**Required work**
Everything from the line containing "Aiuto id, forse" through the line containing "Isocentris filalis" should be repeated exactly, and nothing else from the data.

**Data in this exercise**
+-------+

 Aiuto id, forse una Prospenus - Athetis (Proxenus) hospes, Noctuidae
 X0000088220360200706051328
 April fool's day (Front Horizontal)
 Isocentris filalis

+-------+

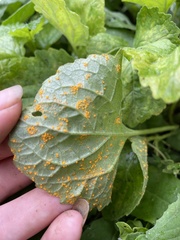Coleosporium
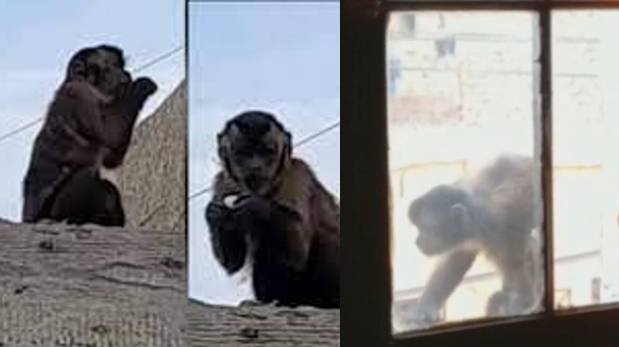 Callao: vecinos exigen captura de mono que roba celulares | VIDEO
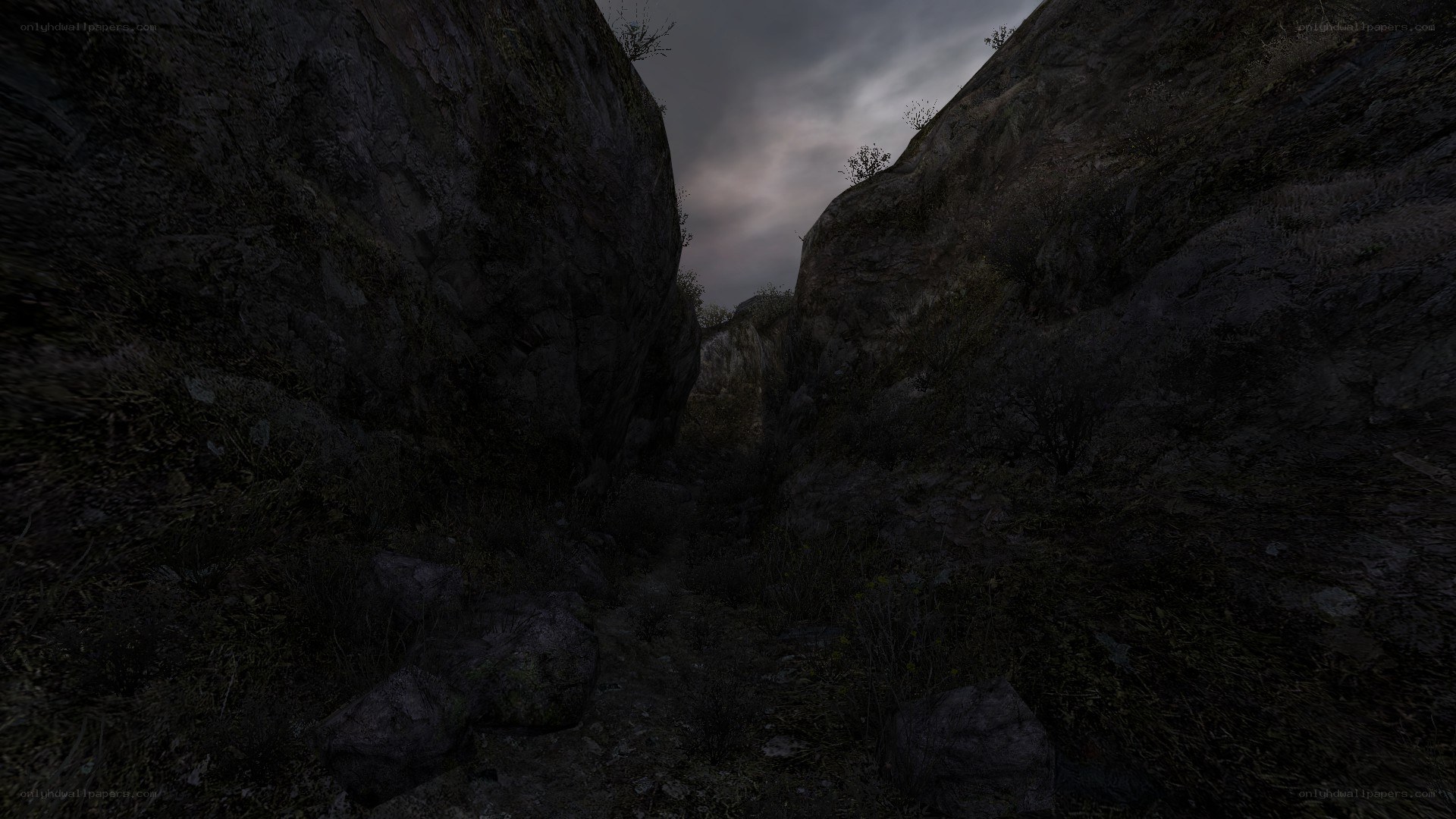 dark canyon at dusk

+-------+

**Written solution**
 Aiuto id, forse una Prospenus - Athetis (Proxenus) hospes, Noctuidae
 X0000088220360200706051328
 April fool's day (Front Horizontal)
 Isocentris filalis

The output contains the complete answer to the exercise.